Supplier Mastering with D&B

You use the Supplier Mastering with D&B template to master site-level supplier data.

The Supplier Mastering with D&B template uses an industry-standard schema and trained machine learning model. During the mastering flow, Tamr Cloud identifies source records that refer to the same entity. Each entity is a mastered record that represents a group of related source records across your source datasets.

For each field in the entity, Tamr Cloud identifies the most appropriate value from these source records, ensuring that the entity has the most accurate and up-to-date information.

This template also enriches your data with the following:

  • D-U-N-S number and additional information provided by Dun & Bradstreet (D&B).
  • Data from the following D&B Data Blocks:
    • Company Information L2
    • Hierarchies and Connections L1
    • Diversity Insights L1
    • Third Party Risk Insights L1
  • Country code and company name enrichment data.

Input Dataset Requirements

As part of the mastering flow, Tamr Cloud aligns your source datasets to a unified schema with predefined output fields. Tamr Cloud uses these predefined output fields to enrich your data and consolidate similar records into entities.

In addition to the general Requirements for Input Datasets, certain data is required for Supplier Mastering with D&B.

You must map one or more source fields to each of the predefined output fields:

  • uniqueKey
    This is the primary key used in the source dataset to uniquely identify each record. See About Primary Keys for more information.
  • company_name
  • address_line_1
  • address_line_2
  • city
  • region
  • postal_code
  • country
  • phone
  • registration_number
  • registration_number_type
  • url
  • email
  • source_duns_number
    If you trust that the D-U-N-S number available in your source data is correct, map the field with that number to the source_duns_number output field. Otherwise, map an empty placeholder field to source_duns_number. Records that have the source_duns_number populated will not be rematched to a D-U-N-S number in the D-U-N-S Match step; instead, the source_duns_number will be used.

Clustering Model

For Supplier Mastering with D&B, the clustering model identifies records that represent the same entity by first considering the D-U-N-S number. If two records have been enriched with the same D-U-N-S number, they are clustered together, provided that the D-U-N-S match is above the Confidence Code threshold or matches any specified Match Grade Patterns specified in the Set Confidence Code Thresholds and Match Grade Patterns step.

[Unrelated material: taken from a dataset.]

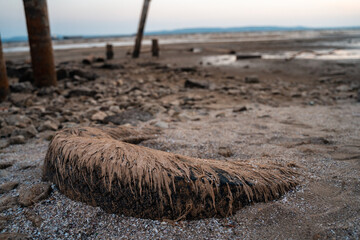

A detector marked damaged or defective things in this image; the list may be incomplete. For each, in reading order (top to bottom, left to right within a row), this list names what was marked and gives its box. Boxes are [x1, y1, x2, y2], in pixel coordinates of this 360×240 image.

abandoned tire [43, 127, 298, 219]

Then, the clustering model considers the similarity of values for the following fields, and uses decision-tree logic to accurately identify records that refer to the same entity:

  • Company name variations
  • All address fields
  • Phone number
  • Website

For low-confidence (unaccepted) D-U-N-S matches, the above fields only contain information from the source fields. For high-confidence (accepted) D-U-N-S matches, the above fields contain information from both the source fields and the returned fields from the D-U-N-S Match step.

Additionally, the model will not cluster together different high-confidence D-U-N-S numbers, except in rare edge-cases.

Clustering Examples

The clustering model used by the Supplier Mastering with D&B template is the same model used by the Company Mastering with D&B template. See Company Mastering with D&B for examples for source records that the model clusters and does not cluster.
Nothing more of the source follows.